Oh, how I secretly wish to hear those same words pour from the mouth of some ruggedly handsome butcher or baker or candlestick maker. But don’t call me a romantic – not just yet.
Because my other favorite quotes include:
Ronny: I love you.
Loretta: Snap out of it!
Johnny: In time, you’ll see that this is the best thing.
Loretta: In time, you’ll drop dead and I’ll come to your funeral in a red dress!
Ah ha – yes. There is something refreshing, like a Mint Julep on an August afternoon in Southern Louisiana, about honesty in love. Does it exist? Is it possible for two people madly in love with each other to be honest? Sure. Well, maybe. Is it possible for them to be honest with themselves? Now, that’s the question!

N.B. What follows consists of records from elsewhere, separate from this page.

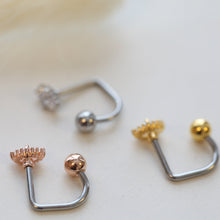 Load image into Gallery viewer, 16g Oval Medusa Piercing • Oval Lippy Loop Labret Lip • Surgical Steel Lip Ring • Geometric Lip Labret • Classy Silver Comfortable Lip Ring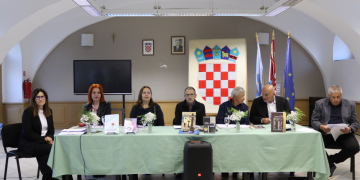 [FOTO]  Sjećanje na hrabrost kroz stihove i pjesmu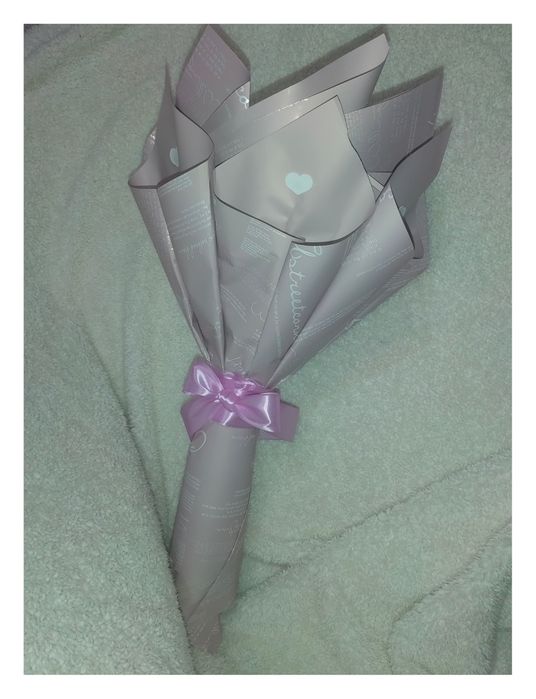 Buchet 7 trandafiri din satin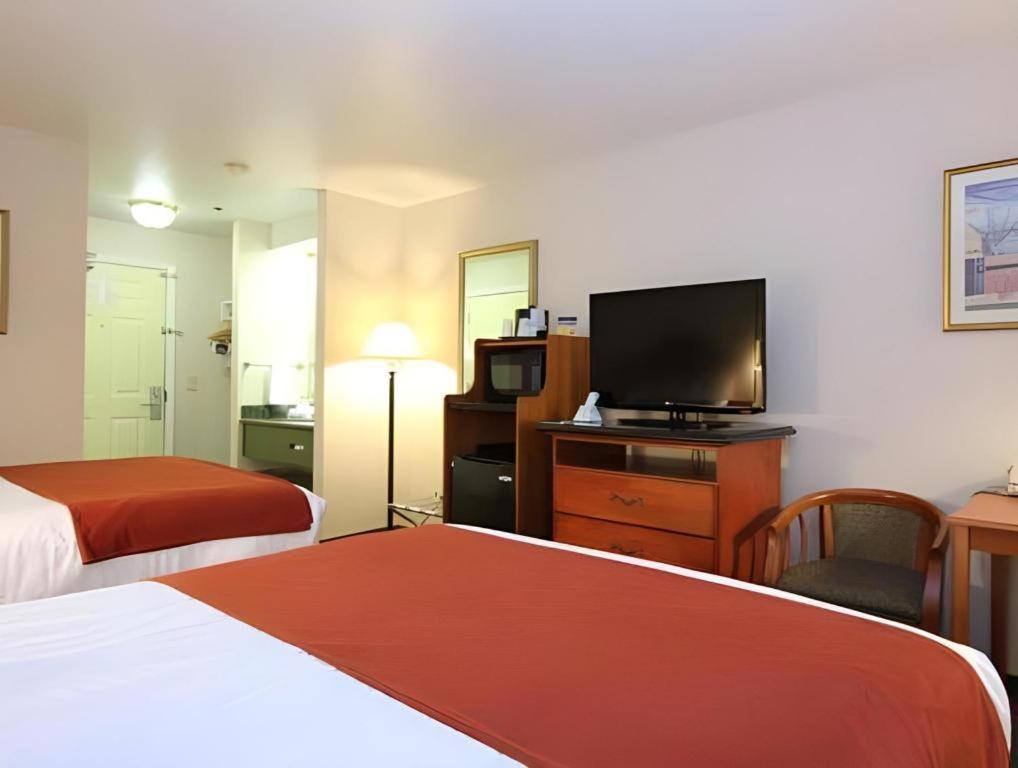 Best Western Plus Twin View Inn And Suites Redding Exterior foto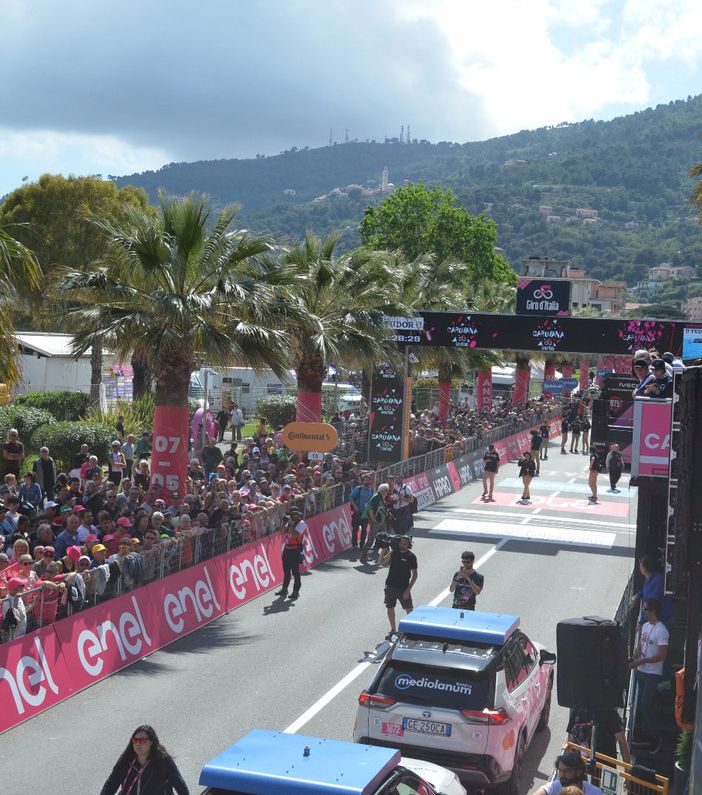 Giro d'Italia, il bilancio delle prime 9 tappe del direttore Vegni: &quot;Spettacolo garantito. Sempre chiesto uno slittamento di una settimana, diminuisce il rischio&quot;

A question I’ve unfortunately not always answered in with the affirmative.
In the past, I’ve made two of the biggest happiness-annihilating relationship blunders:
1. I’ve compromised my virtues, not my vices. Compromise is at the foundation of any relationship, but in a good relationship, you should only compromise on your bad habits, never your good ones.

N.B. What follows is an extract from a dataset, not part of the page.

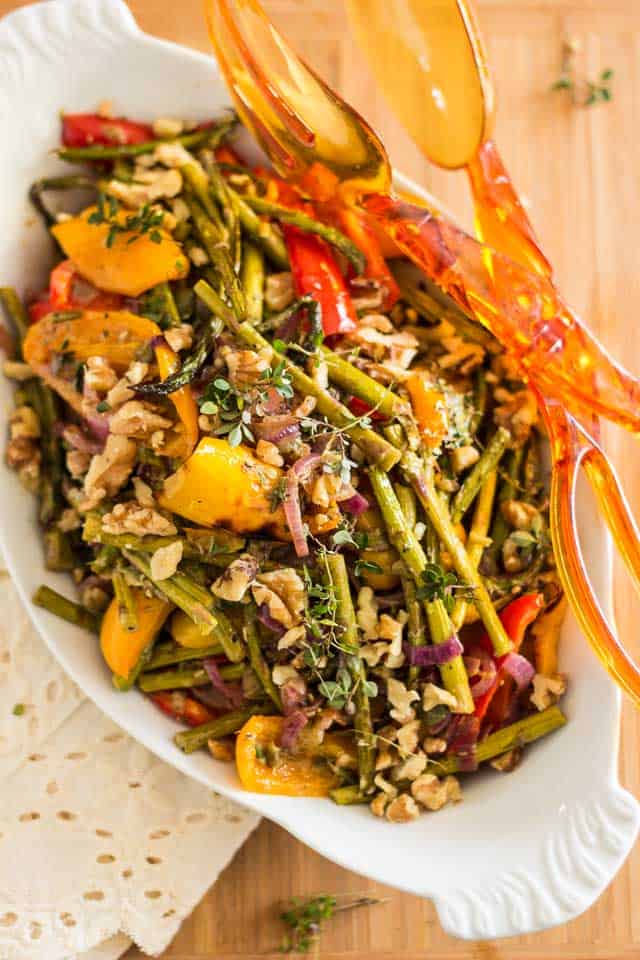 Oven Roasted Asparagus Bell Pepper Salad | thehealthyfoodie.com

2. I’ve viewed my lover’s vices as virtues. This one is tricky, especially for those of us perpetual optimists who try to find the best in every situation. Still, I’ve found myself not just forgiving my lover for his imperfections, I’ve actually turned them into something positive, for example: He’s so grounded, I really need someone to anchor me and stop me from chasing all of my crazy dreams. Ugh. I hate that I really said that.
I’m not rushing into love again. I’m holding out. Call me a fool (or some twisted romantic) I’m holding out for honesty. I don’t want perfection – no snowflake lover for this girl. So go ahead, tell me how wrong we are for each other, how much it doesn’t make sense for us to feel this attraction, but we can’t deny it’s presence. Tell me how you didn’t see it coming. How it’s the wrong place, wrong time, and there is no way I fit into your plans, because I doubt you fit into mine.
Tell me I am crazy. That my life is a mess and I need to seriously reconsider how I manage my finances. Tell me I suck at being domestic and can’t make a frozen pizza without burning myself. Tell me I am bossy and flaky and drive around with my foot on the clutch. Tell me I’m never on time and the only reason I think I have a good sense of direction is because I never really care when or if I reach a specific destination. Tell me I drink too much and swear like a sailor and never keep my phone on or return calls. Tell me I make you crazy, but you are addicted to my coffee and cherry lip-gloss flavored kisses. Tell me I hog the bathroom and hog the covers. Tell me I spend way too much money on organic vegan lotions, but you can’t stop touching me. Tell me you can’t stand to live with me, but you don’t even remember how to live without me anymore.
Just don’t tell me I have pretty eyes. I hate cliches. Everyone has pretty eyes.